On 16/11/2017 9:14 am, Russell Standish wrote:
On Wed, Nov 15, 2017 at 10:54:51PM +1100, Bruce Kellett wrote:
On 15/11/2017 5:02 pm, Russell Standish wrote:
On Wed, Nov 15, 2017 at 02:46:21PM +1100, Bruce Kellett wrote:
I said "one of the strongest"! I know that you want to define QM from the
idea of observer moments. I don't think that this will work, and the usual
consensus is that one of the strengths of MWI is the elimination of the
conscious observer.
Where's your evidence that this is the usual concensus? Who argues for it?
Most people, indirectly if not directly. I am thinking of MWI proponents
such as Deutsch and Wallace. Wallace puts it like this "Some have argued
that he measurement problem of quantum mechanics gives us reason to abandon
the picture of science as describing an observer-independent world....". He
does not accept this view. The general view of scientific realism consists
in the belief that the objective external world is independent of the
observer. The thinking is related to Bell's assertion that: "Measurement
should never be introduced as a primitive process in a fundamental
mechanical theory like classical or quantum mechanics..." Measurement,
observation, observers are all related concepts in this context.
Deutsch, I could believe would argue that. But Wheeler would be a
counter to that. I'm not that familiar with Wallace.
Wallace is a collaborator with Deutsch. I don't know what Wheeler would
say here> I think he was a believer in scientific realism -- reality
without an observer. But then, head counts don't really amount to much.

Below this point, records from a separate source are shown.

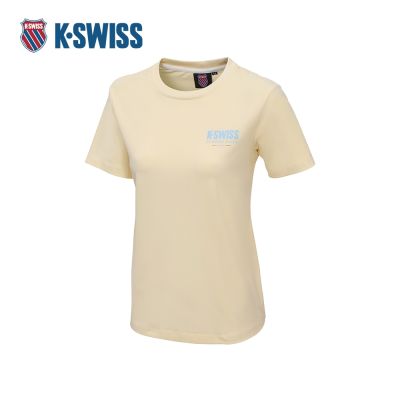 K-SWISS 短袖T恤 26SS TEE 20 W 短上衣 女短袖上衣 淺黃色 1913709-722
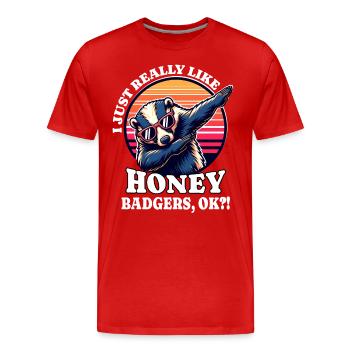 Ich Liebe Honigdachs Spruch - Männer Premium Bio T-Shirt - Rot - Vorne - Damien (186cm)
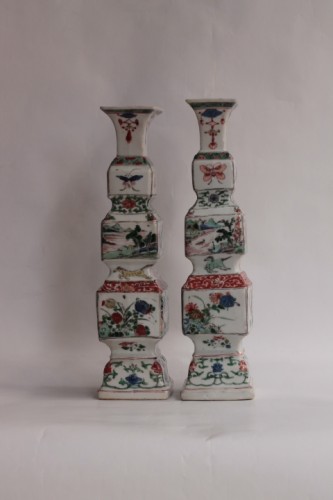 17th century - Big quadrangular vases from famille verte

A conscious observer (or rather just observer, really) is still
required to define the branches of the MWI, be that mediated by Zeh's
decoherence process, or otherwise. To eliminate observers entirely
requires solving the preferred basis problem without reference to an
observer or observation.
That is not true. The basis problem is solved by Zurek's einselection -- the
preferred basis is the one that is stable against further
decoherence.
I understand that the idea of einselection is still rather
controversial,
Not really. See Schlosshauer's paper and book.
I haven't really followed the literature, but it strikes me that
problem is that ultimately einselection is not a unitary process, so
it has to be considered as the result of some sort of coarse graining
(which is, of course, due to the actions of the observer discretising
a continuous world), in much the same way as the second law of
thermodynamics emerges from a strictly reversible microscopic
dynamics.
That is not correct. einselection is entirely unitary. It is closely
related to the nature of the interaction Hamiltonian between the system
and the environment. There is no collapse involved. It is a question of
stability against further decoherence rather than anything else.
I find it intriguing that the recent critique of Einselection by
Kastner is entitled "`Einselection' of Pointer Observables: the new
H-Theorem". The H-Theorem, as I'm sure you know, but for the benefit
of other lurkers is Bolzmann's mechanism of deriving the second law
from coarse graining the revrsible microscopic dynamics.
I am not familiar with this argument, but if he related einselection to
coarse graining, then he has missed the point.